* [What is needed]
From the data below, set down exactly the lines between the one holding "white ceramic wax" and the one holding "kitchen with ornate", inclusive, and no others.

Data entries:
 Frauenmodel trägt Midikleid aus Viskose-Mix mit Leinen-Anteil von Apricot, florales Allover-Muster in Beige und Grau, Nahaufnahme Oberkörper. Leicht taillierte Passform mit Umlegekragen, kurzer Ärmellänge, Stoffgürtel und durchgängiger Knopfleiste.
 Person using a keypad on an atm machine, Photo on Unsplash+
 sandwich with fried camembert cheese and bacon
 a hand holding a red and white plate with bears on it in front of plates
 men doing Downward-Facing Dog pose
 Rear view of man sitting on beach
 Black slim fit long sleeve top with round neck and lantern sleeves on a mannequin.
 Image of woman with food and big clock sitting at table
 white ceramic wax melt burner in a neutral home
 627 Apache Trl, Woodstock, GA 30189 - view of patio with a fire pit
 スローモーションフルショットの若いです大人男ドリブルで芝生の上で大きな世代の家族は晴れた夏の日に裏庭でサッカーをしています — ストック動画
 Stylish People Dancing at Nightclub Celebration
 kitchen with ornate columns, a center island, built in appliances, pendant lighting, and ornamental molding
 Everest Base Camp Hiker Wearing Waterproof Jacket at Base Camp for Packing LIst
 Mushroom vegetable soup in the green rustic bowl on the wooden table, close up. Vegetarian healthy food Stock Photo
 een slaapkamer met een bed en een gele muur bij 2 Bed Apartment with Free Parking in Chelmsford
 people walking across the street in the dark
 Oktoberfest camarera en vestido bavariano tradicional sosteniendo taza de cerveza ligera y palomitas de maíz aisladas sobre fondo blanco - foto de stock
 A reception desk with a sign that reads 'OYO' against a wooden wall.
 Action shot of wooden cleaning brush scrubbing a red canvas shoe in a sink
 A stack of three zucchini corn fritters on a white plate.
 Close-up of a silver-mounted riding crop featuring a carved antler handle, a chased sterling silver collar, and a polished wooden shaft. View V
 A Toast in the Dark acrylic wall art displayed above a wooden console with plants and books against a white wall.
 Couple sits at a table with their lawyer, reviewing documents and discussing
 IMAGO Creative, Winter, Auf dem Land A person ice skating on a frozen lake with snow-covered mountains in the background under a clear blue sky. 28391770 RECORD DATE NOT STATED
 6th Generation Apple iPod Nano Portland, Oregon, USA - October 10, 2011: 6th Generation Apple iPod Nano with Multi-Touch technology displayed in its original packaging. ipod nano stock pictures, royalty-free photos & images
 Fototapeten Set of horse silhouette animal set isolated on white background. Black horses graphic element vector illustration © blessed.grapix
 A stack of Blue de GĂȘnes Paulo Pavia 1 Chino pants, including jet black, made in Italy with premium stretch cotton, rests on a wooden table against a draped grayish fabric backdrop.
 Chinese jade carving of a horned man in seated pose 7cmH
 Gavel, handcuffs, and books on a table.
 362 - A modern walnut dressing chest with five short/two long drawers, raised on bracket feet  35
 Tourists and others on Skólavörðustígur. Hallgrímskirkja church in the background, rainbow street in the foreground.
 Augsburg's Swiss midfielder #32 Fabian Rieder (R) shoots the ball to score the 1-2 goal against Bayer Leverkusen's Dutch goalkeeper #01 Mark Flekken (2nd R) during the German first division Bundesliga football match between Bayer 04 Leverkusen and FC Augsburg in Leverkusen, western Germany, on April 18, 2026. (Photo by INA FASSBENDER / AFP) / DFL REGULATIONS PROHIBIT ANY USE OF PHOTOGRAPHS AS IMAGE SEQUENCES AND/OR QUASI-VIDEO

* [Solution below]
 white ceramic wax melt burner in a neutral home
 627 Apache Trl, Woodstock, GA 30189 - view of patio with a fire pit
 スローモーションフルショットの若いです大人男ドリブルで芝生の上で大きな世代の家族は晴れた夏の日に裏庭でサッカーをしています — ストック動画
 Stylish People Dancing at Nightclub Celebration
 kitchen with ornate columns, a center island, built in appliances, pendant lighting, and ornamental molding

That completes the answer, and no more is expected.